More than 400 such unwanted orphans are now living in the Kimironko Orphan Village on the outskirts of Kigali. There is no electricity or running water in the 84 houses that make up the complex. Each house consists of three small concrete rooms, barely large enough to fit two single beds.
Residents here say a government-funded organization, charged with helping genocide survivors, built the housing project several years ago. The organization also promised to give each orphan $20 a month to buy food and other essentials.
But Jane Kayiranawa, who is a resident at Kimironko, says no one has received any money for months.
Ms. Kayiranawa says the organization has told her that it is short of funds and the money it does have must be given to families and orphans who are still homeless. Social worker Beatha Uwazaninka says the Rwandan government, still struggling to rebuild its devastated economy, is simply too poor to take care of the special needs of the hundreds of thousands of children orphaned by the genocide.
"That is what made me feel to help them because I was one of them," said Beatha Uwazaninka. "I know how hunger feels."
Ms. Uwazaninka, who was 14-years-old in 1994, was living in Kigali with her uncle and five cousins when the killings began. After Hutu extremists massacred her family, she fled and hid wherever she could, including under piles of rotting corpses.
Through sheer will and determination, Ms. Uwazaninka found work as a waitress and managed to save enough money to pay for evening courses in English and the computer.
Today, she is a successful social worker and fund raiser in Kigali, dedicated to helping those who have not been as fortunate as her. She says she is appealing to as many international donors, agencies, and companies as she can to raise money for the orphans.
Ms. Uwazaninka says one of the orphans she wants to help most is Jane Kayiranawa, whose life so closely mirrors her own trauma-filled childhood.

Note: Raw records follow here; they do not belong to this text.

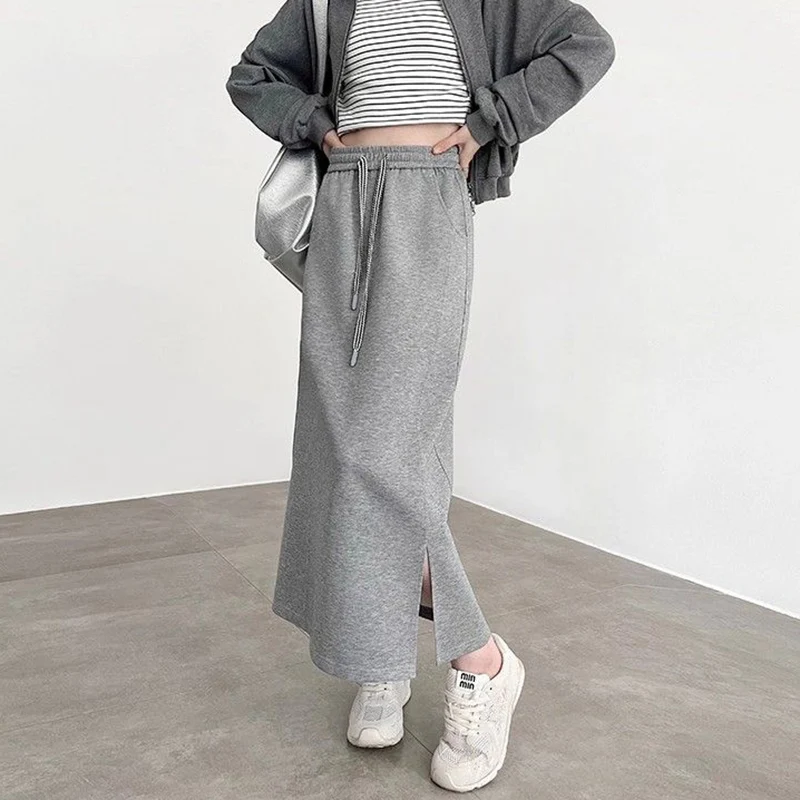 여름 여성용 편안한 미디롱 스커트 여성 클래식 한국 스타일 하이웨이스트 스커트 여성 시크 패션 솔리드 얇은 드레스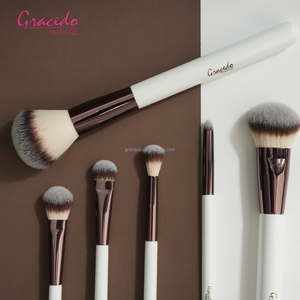Ensemble professionnel de 6 pinceaux de maquillage à manche en bois, poils synthétiques doux, pour le visage et les yeux, fabrication OEM sur mesure - Product Image 4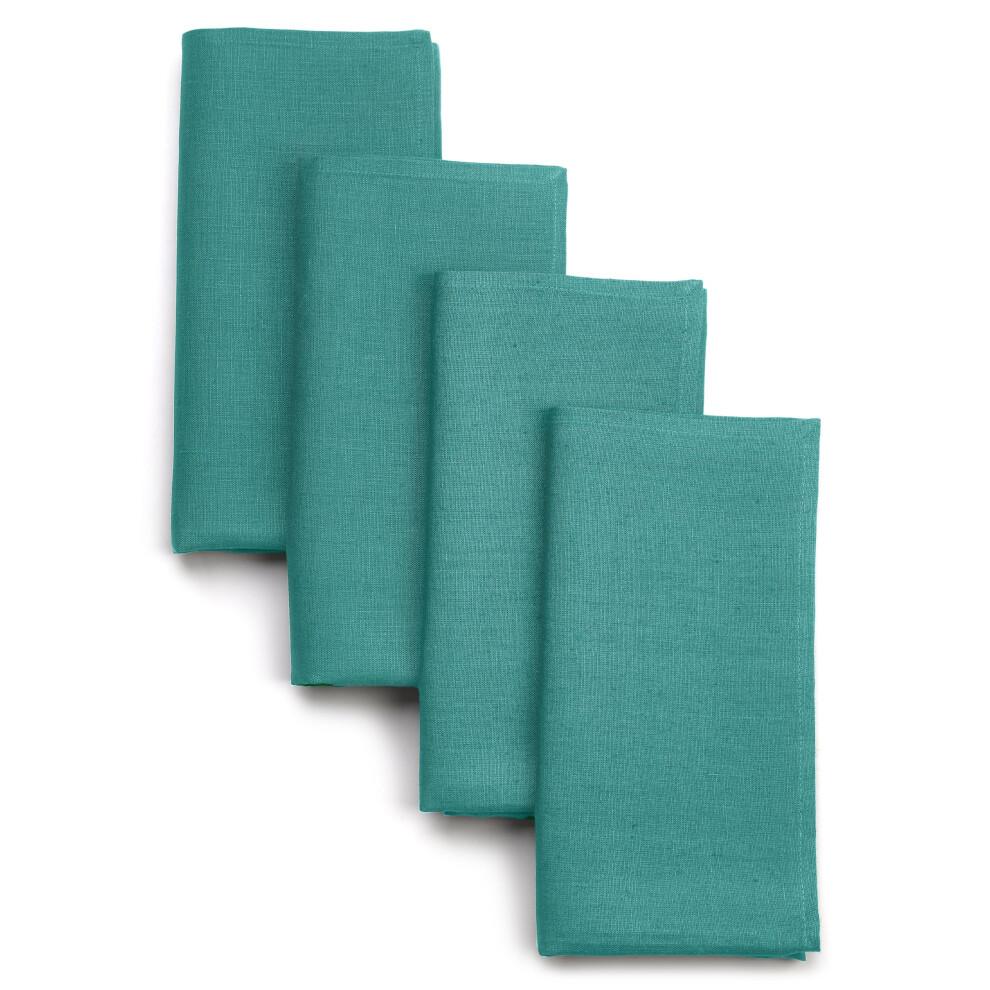 Serviettes de table en lin D'Moksha Homes 45 x 45 cm - Lot de 4 serviettes bleu sarcelle 100 % pur lin - Serviettes lavables en tissu bleu sarcelle po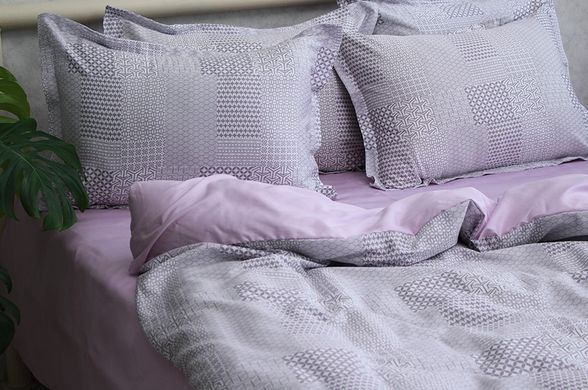 Фото Комплект постельного белья ТМ TAG Сатин Premium Рогожка Сиреневая PT-016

"It's not a matter of how she is today," she said. "How will she grow up? That's the problem. It is my opportunity to try to help. "
Last year in a report, the U.S.-based Human Rights Watch called on the Rwandan government to improve the plight of vulnerable children. The organization says it believes the most devastating legacy of the genocide is the sheer number of orphans it left behind and the government's failure to properly protect them from abuse and exploitation.
Rwandan officials say they have recently adopted a national policy for orphans and child-headed households, recommending that a system of community-based care and protection be established to ensure the children's long-term security.